= REQUIREMENT =
Copy the lines below as they are; omit the images they contain.
** DATA SECTION follows **
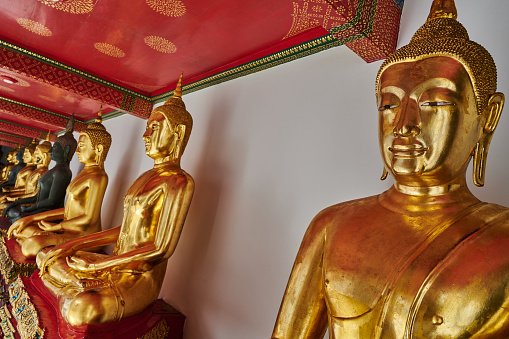 A single candle burns among the golden statues of the deity. An oriental god with a staff and beads looks into the distance. It is covered with a fan of leaves. The Temple of Big Buddha. Yellow candle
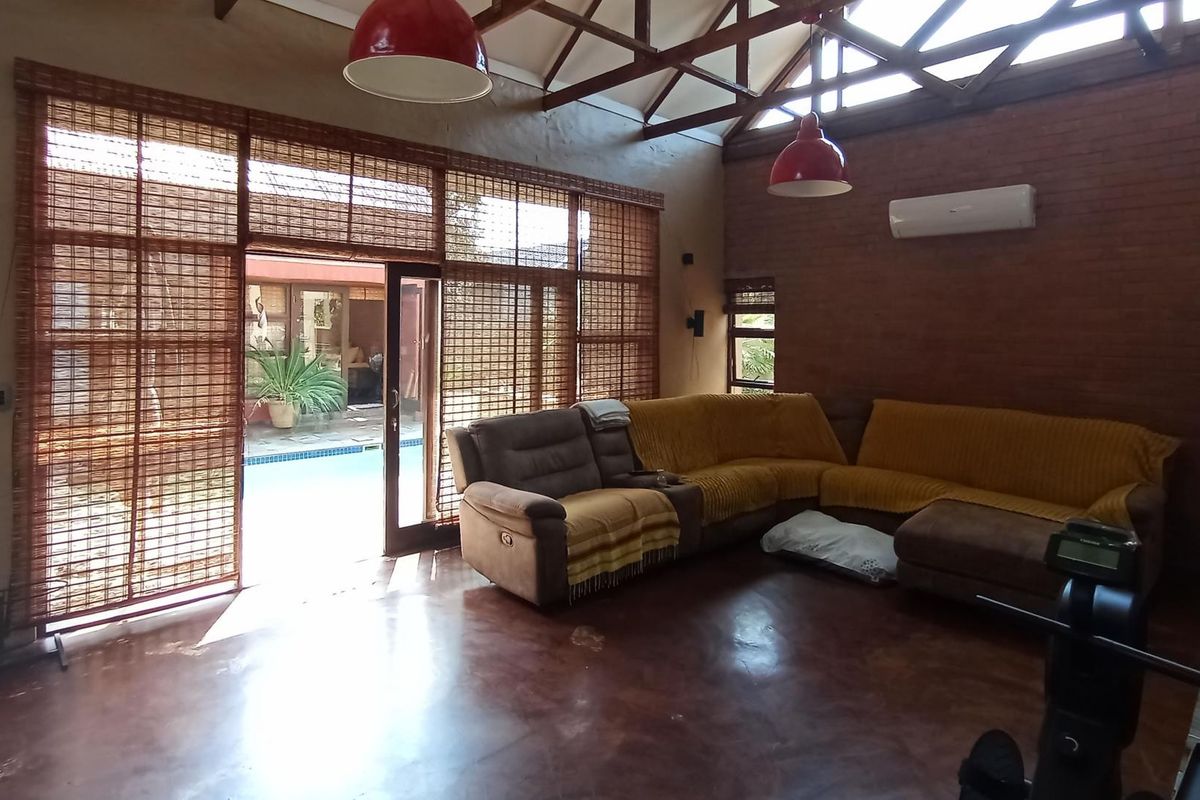 Spacious living room featuring exposed brick walls, polished concrete floors, and high vaulted ceilings with timber trusses, opening directly onto a patio area.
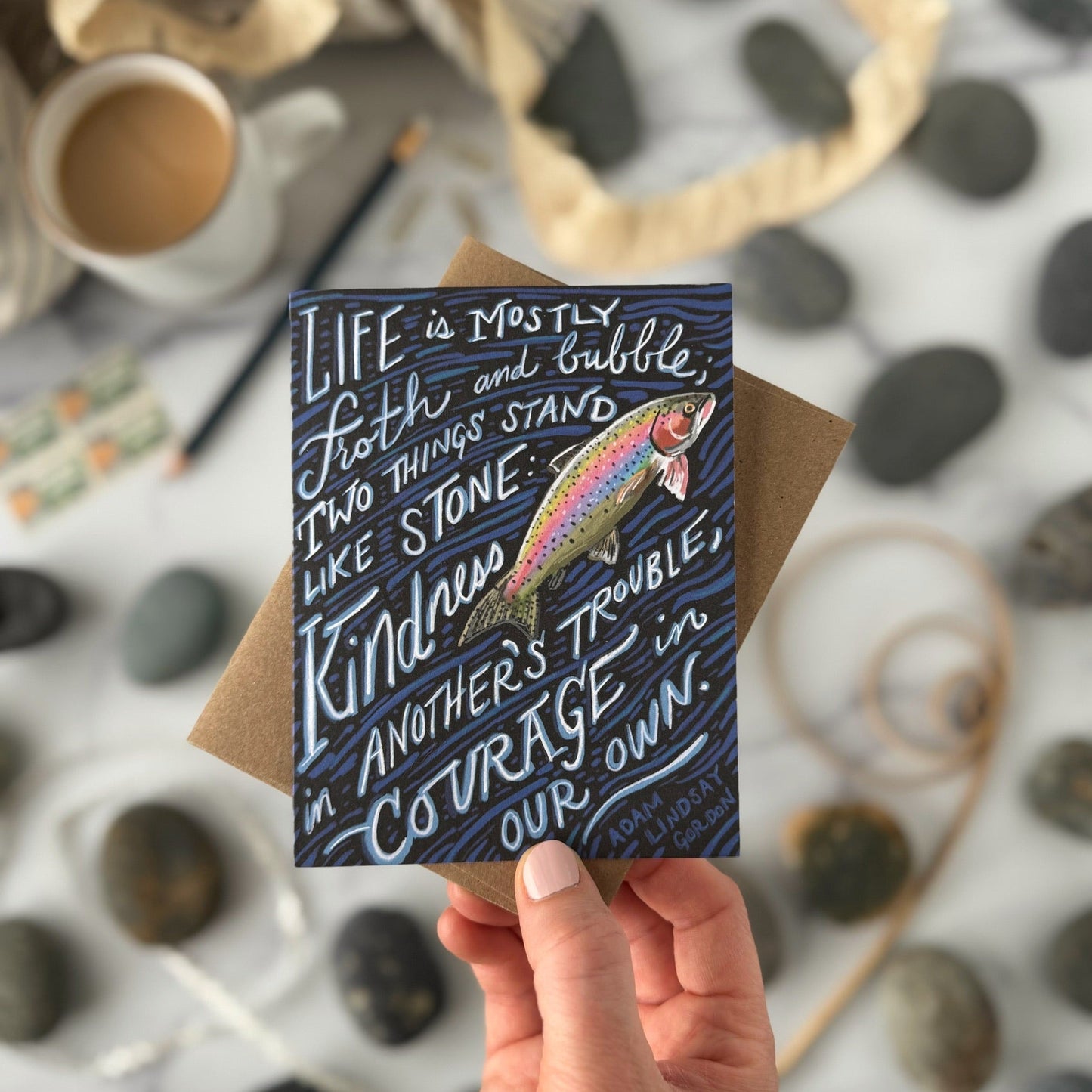Hand holding a card with a rainbow fish illustration and inspirational quote on a pebble background.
** End of DATA SECTION **
= WRITTEN SOLUTION =
 A single candle burns among the golden statues of the deity. An oriental god with a staff and beads looks into the distance. It is covered with a fan of leaves. The Temple of Big Buddha. Yellow candle
 Spacious living room featuring exposed brick walls, polished concrete floors, and high vaulted ceilings with timber trusses, opening directly onto a patio area.
Hand holding a card with a rainbow fish illustration and inspirational quote on a pebble background.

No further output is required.